This year hasn't gone the way Justin Thomas envisioned.
However, after being selected as a Captain's pick for the U.S. Ryder Cup Team – a move some saw as controversial – Thomas' year can still end the way he pictured.
"The feelings that go through your body and your head when you're out trying to compete and win points in a Ryder Cup, it's something you don't – at least me personally, I don't and haven't felt anywhere else," Thomas said Tuesday at Marco Simone, site of this week’s first Ryder Cup in Italy.
A year after Thomas won the PGA Championship for his second major victory, there were serious doubts if Thomas, 30, would make his third straight Ryder Cup. He recorded only three top-10s on Tour this year and failed to make the FedExCup Playoffs for the first time in his career, finishing as the first man out at 71st in points. He nearly holed out on the 72nd hole of the Wyndham Championship to extend his season, alas he couldn’t quite ease his tensions about securing a trip to Rome.
"I was putting so much emphasis and so much pressure on trying to play well to make the Ryder Cup, as opposed to trying to make the playoffs," Thomas said.
After the Tour's regular-season finale, Thomas, the world No. 24, accepted whatever his Ryder Cup fate may be. But following the Tour Championship, U.S. Captain Zach Johnson made his six Captain's picks, with Thomas being one of them.
"His passion for the Ryder Cup is very evident," Johnson said when announcing his picks, "In my mind, he was born for this and you just don’t leave JT at home."
Thomas has arguably been the face of the U.S. Ryder Cup Team since 2018. During his debut in Paris five years ago, the Kentucky native went 4-1 as the lone bright spot in the Americans' 17 1/2-10 1/2 loss. Then in 2021, he recorded 2.5 points in the U.S. Team's historic 19-9 trouncing at Whistling Straits.

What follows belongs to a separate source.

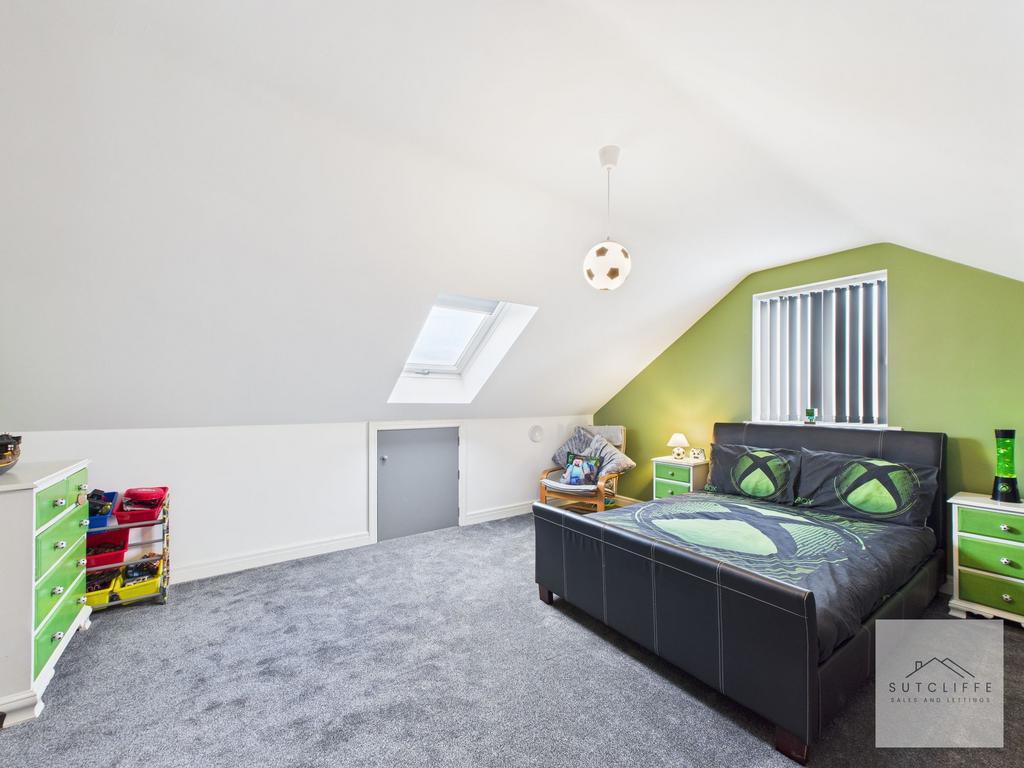 Bedroom 6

"I think he's kind of turned into a backbone for the U.S. Ryder Cup Team," said Thomas' usual Ryder Cup playing partner and friend, Jordan Spieth,
But what makes Thomas so successful in the Ryder Cup?
"He just gets the ball in the hole faster than other guys do," Spieth said, "and that's how you win matches here and that's how you play good golf. The elevated pressure and honestly the away games and kind of the opportunity to go like that, like he does, and to raise the crowd up, the home crowd, but also to quiet one and upset them here, he loves doing that, and it creates maybe just a little extra level of focus for him.

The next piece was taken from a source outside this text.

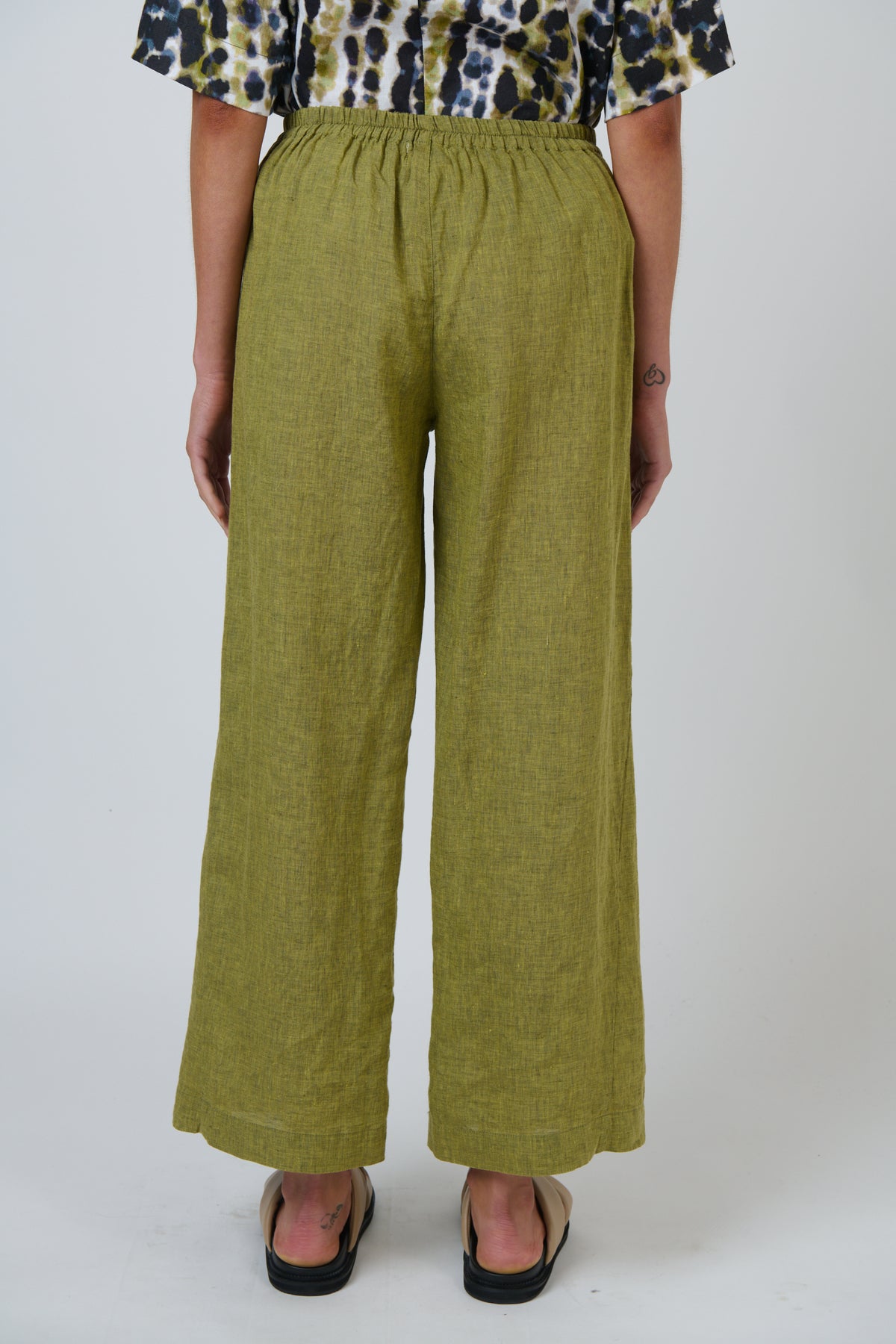 GA398 Pants - Balsam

“I've been beside him for these Ryder Cups, and he quite simply plays better golf than the guys across from him."
Once his match starts, Thomas has one goal: winning. And it doesn't matter who he's going up against.

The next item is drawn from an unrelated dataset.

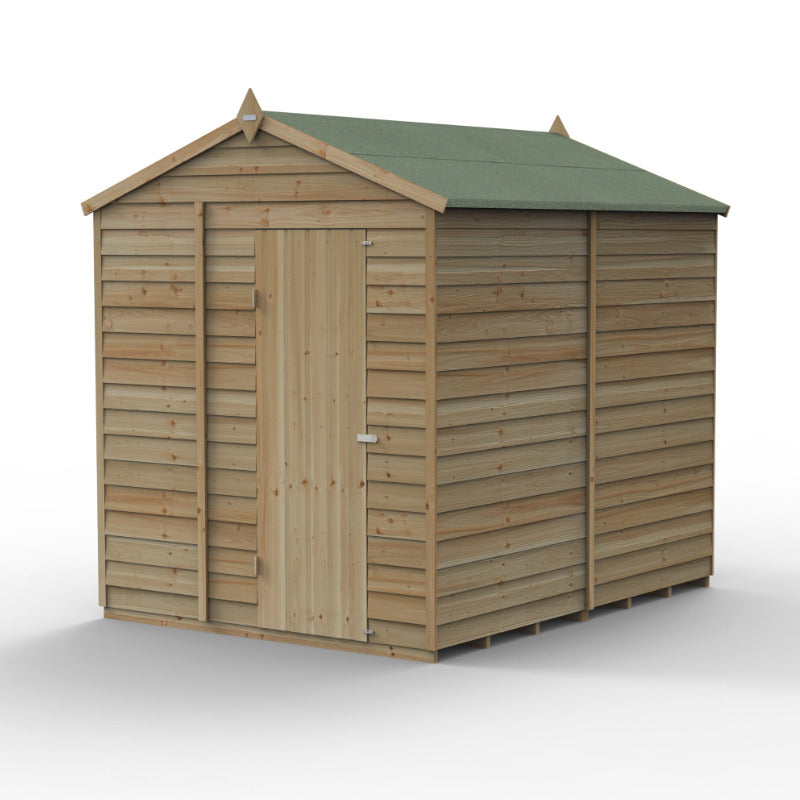 #Windows_Windowless, #Door Style_Single Door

"I love Rory [McIlroy]," Thomas said. "We get along extremely well. He's been a role model of mine. He was super nice to me when I was first starting up. He still is. We see each other a bunch. Yeah, we played each other in the Ryder Cup and we hated each other for 18 holes. Again, it's nothing personal. It's not a dislike as a person. It's just my wife knows, if Jill teed it up in the Ryder Cup for the other team, I'm going to try to beat her pretty bad."
McIlroy, arguably the face of the European squad, never wants to face Thomas, which is why the Northern Irishman doesn't see Thomas making the team this year as the wrong call.
"As a European, to me, it was a no-brainer,” McIlroy told Golf.com earlier this month. "Even though he’s not had the best year and he struggled to perform, JT is still one of the first guys you put down on that team sheet for the U.S."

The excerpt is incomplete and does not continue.